● **Data shown**
•••
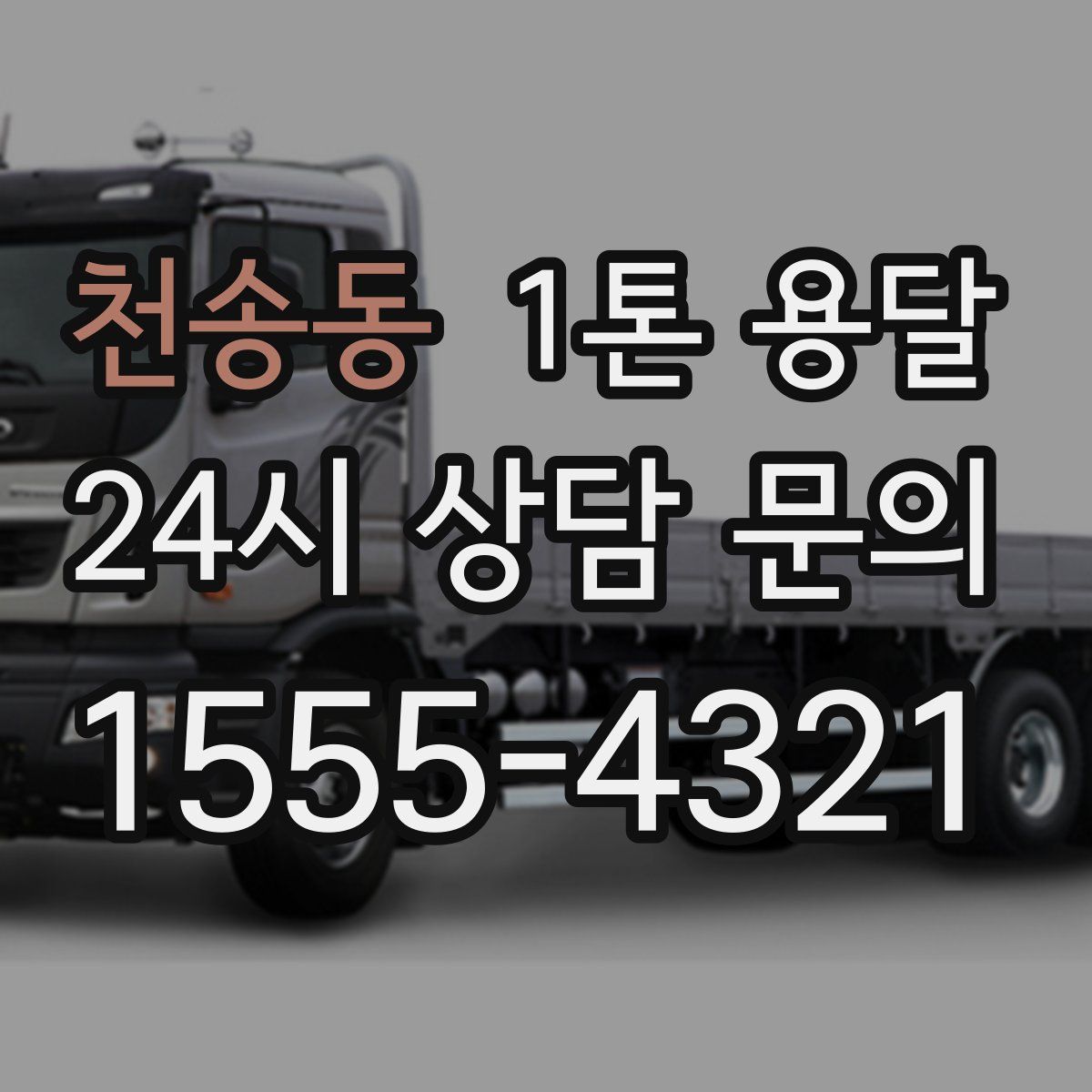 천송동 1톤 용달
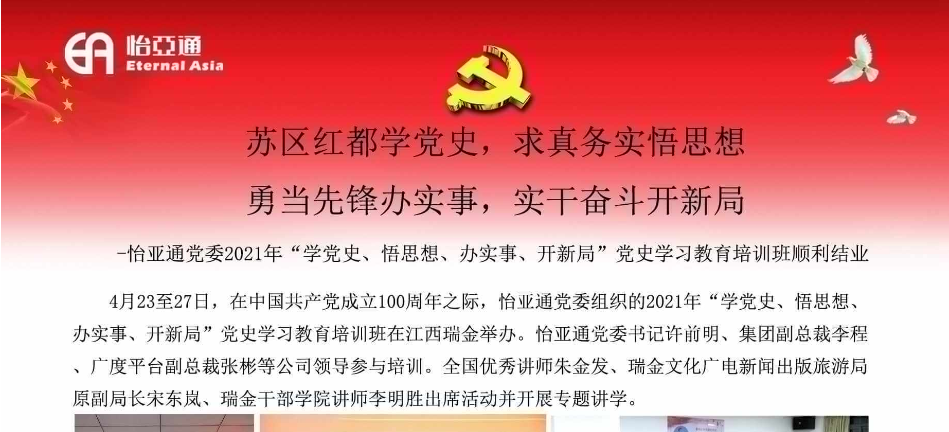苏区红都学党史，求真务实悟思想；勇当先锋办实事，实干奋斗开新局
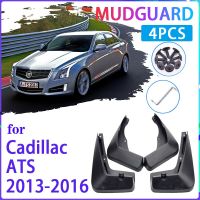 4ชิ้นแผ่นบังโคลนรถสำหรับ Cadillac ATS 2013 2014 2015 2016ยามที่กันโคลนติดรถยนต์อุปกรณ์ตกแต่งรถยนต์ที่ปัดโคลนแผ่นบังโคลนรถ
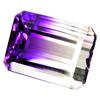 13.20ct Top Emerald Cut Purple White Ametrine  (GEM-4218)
•••
● **Exercise prompt**
Transcribe the material exactly, keeping every word and none of the pictures.

● **Exercise result**
 천송동 1톤 용달
苏区红都学党史，求真务实悟思想；勇当先锋办实事，实干奋斗开新局
 4ชิ้นแผ่นบังโคลนรถสำหรับ Cadillac ATS 2013 2014 2015 2016ยามที่กันโคลนติดรถยนต์อุปกรณ์ตกแต่งรถยนต์ที่ปัดโคลนแผ่นบังโคลนรถ
 13.20ct Top Emerald Cut Purple White Ametrine  (GEM-4218)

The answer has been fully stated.